Videos published by a small reformist media group, Nazar, showed people in Mashhad chanting "Death to Rouhani".
More provocatively, there were also chants of "Death to the dictator" and "Not Gaza, not Lebanon, my life for Iran" - a reference to anger in some circles that the government is focusing on the wider region rather than improving conditions at home.
Prominent conservative cleric Ayatollah Ahmad Alamolhoda, the representative of supreme leader Ayatollah Ali Khamenei in Mashhad, called earlier for tough action against the protests.
"If the security and law enforcement agencies leave the rioters to themselves, enemies will publish films and pictures in their media and say that the Islamic Republic system has lost its revolutionary base in Mashhad," Irna quoted him as saying.
He said a few people had taken advantage of Thursday's protests against rising prices to chant slogans against Iran's role in regional conflicts.
Tehran backs Syrian president Bashar Al Assad in his country's civil war, Shiite militias in Iraq, Houthi rebels in Yemen and Lebanon's powerful Hizbollah group.
However, Ali Vaez, Crisis Group's Iran Project Director, noted on Twitter that public opinion has "limited influence" when it comes to shaping Tehran's regional policy decisions.
Mr Vaez added that he felt it was unlikely that Iran would turn its back on its regional allies in a bid to placate the protesters.

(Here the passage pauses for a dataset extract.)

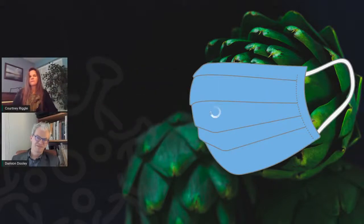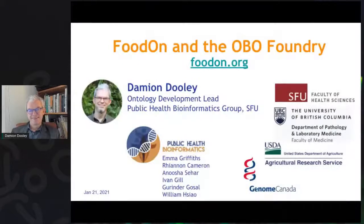First up, we have Damien Dooley, a member of the Public Health Informatics Group at Simon Fraser University in Canada. He'll be getting us up to speed on the world's largest and most integrated open food ontology known as FoodOn. Damien, can you walk us through quickly — tell us a little bit about what it's for, how it works, and who's involved? I'll also add a reminder for our YouTube audience that we'll be taking live questions throughout, so just type them in. Yes, I want to introduce FoodOn and the OBO Foundry family of ontologies.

Similar yet smaller protests reportedly took place in a few other cities on Thursday, responding to calls on the Telegram messaging service for a day of demonstrations to say "No to high prices".

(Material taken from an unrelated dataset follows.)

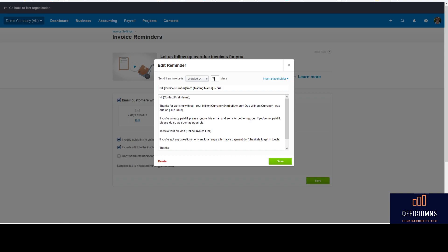So you may ultimately be on 30 days from invoice, or you may be five days, or whatever system you have currently in place for how long your invoice payment period is. And of course, you can personalize it in here as well.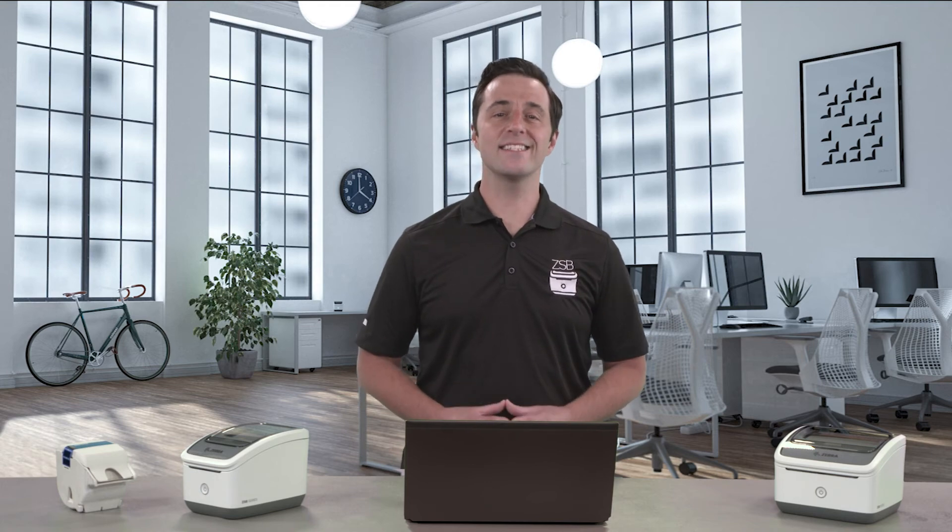When you're ready click print and your ZSB Series printer will print your shipping label. It's that easy.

Egg prices have doubled since last week due to the government's culling of millions of chickens diagnosed with avian flu, government spokesman Mohammad Bagher Nobakht told reporters on Tuesday.
But the reasons behind the protests go deeper, according to a local member of parliament.

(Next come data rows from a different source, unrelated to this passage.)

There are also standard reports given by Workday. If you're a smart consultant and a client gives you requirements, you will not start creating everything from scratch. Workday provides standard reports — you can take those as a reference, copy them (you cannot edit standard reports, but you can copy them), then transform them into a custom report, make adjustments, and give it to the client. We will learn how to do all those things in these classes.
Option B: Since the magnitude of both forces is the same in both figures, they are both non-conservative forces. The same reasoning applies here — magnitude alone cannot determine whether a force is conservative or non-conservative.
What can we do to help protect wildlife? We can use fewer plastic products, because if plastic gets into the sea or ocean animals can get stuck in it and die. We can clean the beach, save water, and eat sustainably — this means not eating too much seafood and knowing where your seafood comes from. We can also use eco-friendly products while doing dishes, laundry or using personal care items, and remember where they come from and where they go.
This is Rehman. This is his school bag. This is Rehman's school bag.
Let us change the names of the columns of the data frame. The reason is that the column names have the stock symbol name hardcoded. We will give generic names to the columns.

"There is a major crisis in Mashhad caused by illegal financial institutions," Hamid Garmabi, who represents the city of Neyshabour near Mashhad, told Fars.
He was referring to the mushrooming of unauthorised lending institutions under former president Mahmoud Ahmadinejad between 2005 and 2013.
A poorly regulated banking sector combined with a construction boom left many credit companies stuck with toxic debts and unable to repay investors.
Mr Rouhani has sought to clean up the financial sector since he was first elected in 2013. His government has shut down three of the biggest new credit institutions - Mizan, Fereshtegan and Samen Al Hojaj - and he has tasked the central bank with reimbursing lost deposits, but progress has reportedly been slow.
Mashhad was one of the worst-hit areas by the closure of Mizan, which had around one million accounts, leading to several protests in the city since 2015, according to the official Irna news agency.
Other financial scams have also hit the region, notably the collapse in 2015 of a megaproject to a build the new town of Padideh next to Mashhad, which left more than 100,000 investors out of pocket.
"The shadow of stagnation in Mashhad and Khorasan Razavi province is more than other places in the country due to the unfortunate investment events in companies such as Padideh, Mizan Financial Institution and other credit funds," a senior housing official in the province told Irna last year.
Mr Rouhani’s signature achievement, a 2015 deal with world powers that curbed Iran’s nuclear programme in return for a lifting of most international sanctions, has yet to bring the broad economic benefits the government says are coming. This has added to the frustration among Iranian people, commentators noted.
Unemployment stood at 12.4 per cent in this fiscal year, according to the Statistical Centre of Iran, up 1.4 per cent from the previous year. About 3.2 million Iranians are jobless, out of a total population of 80 million.